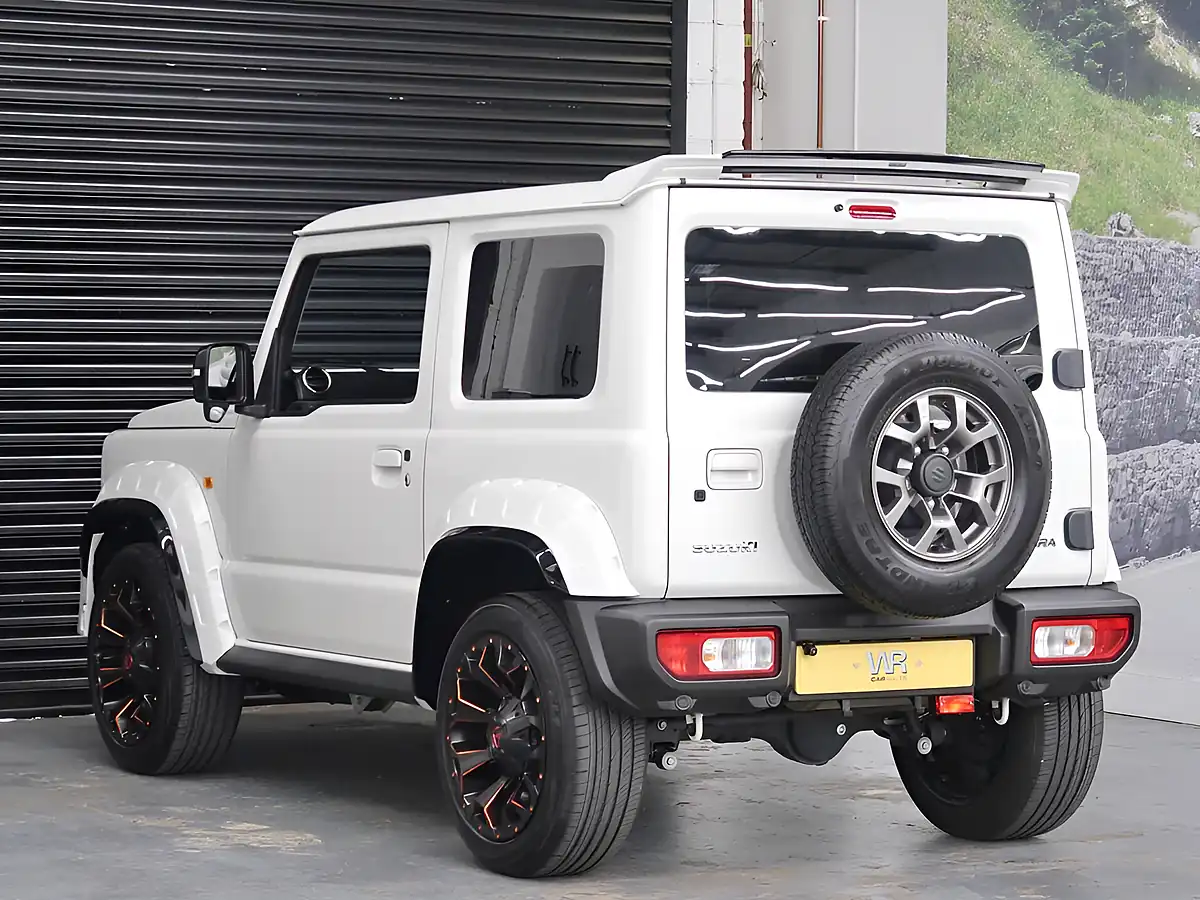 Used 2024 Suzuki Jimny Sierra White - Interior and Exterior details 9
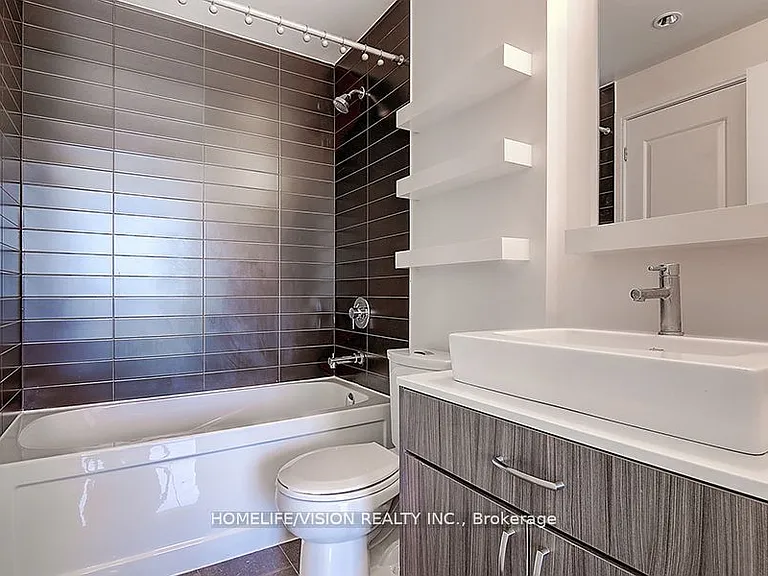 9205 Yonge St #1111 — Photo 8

::::::::

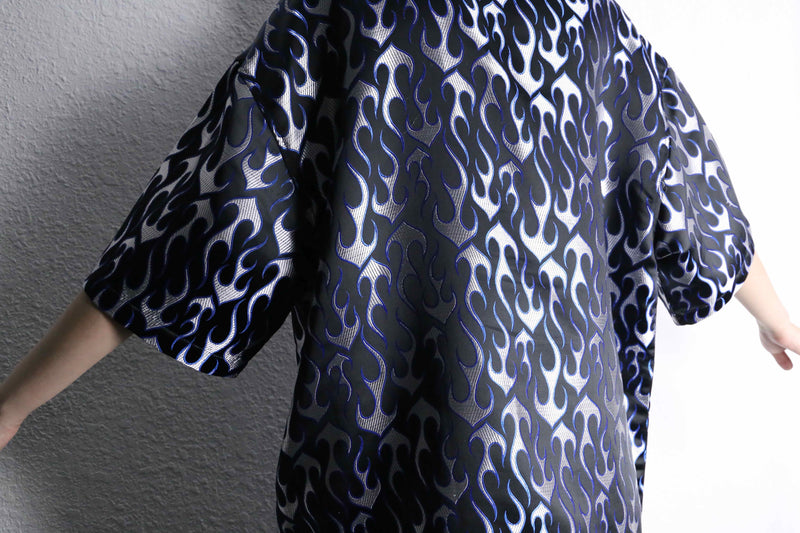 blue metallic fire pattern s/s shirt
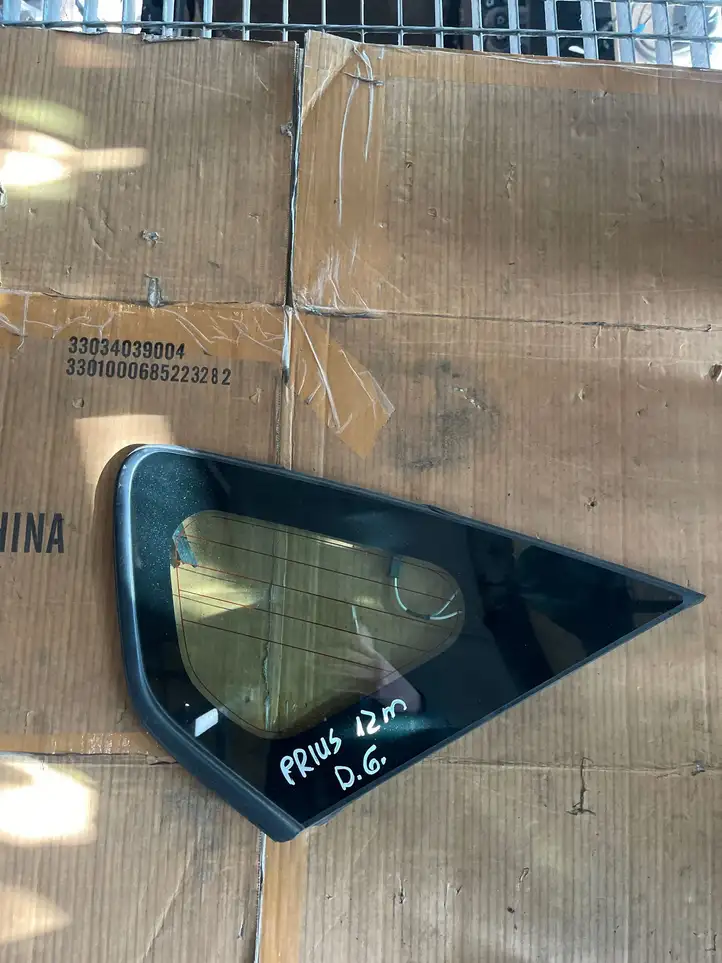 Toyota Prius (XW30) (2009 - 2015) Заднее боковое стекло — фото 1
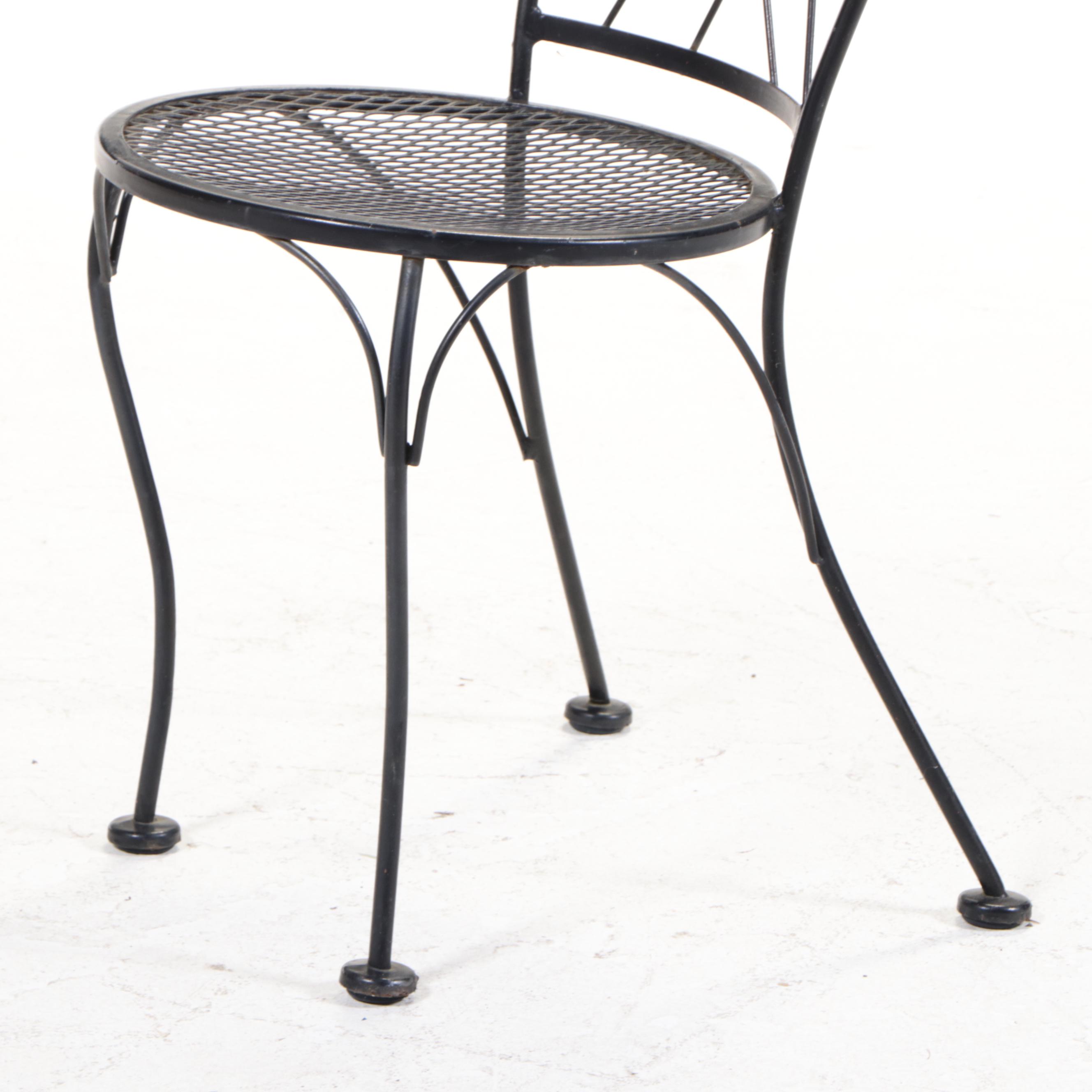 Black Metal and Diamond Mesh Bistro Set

::::::::

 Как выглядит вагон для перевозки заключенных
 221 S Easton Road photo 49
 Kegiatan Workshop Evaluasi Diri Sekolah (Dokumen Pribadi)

::::::::

**What to produce:** What are the lines above from the one with "Used 2024 Suzuki" to the one with "9205 Yonge St #1111 — Photo 8", both included? Reproduce them exactly, without pictures.

**Output for this task:**
 Used 2024 Suzuki Jimny Sierra White - Interior and Exterior details 9
 9205 Yonge St #1111 — Photo 8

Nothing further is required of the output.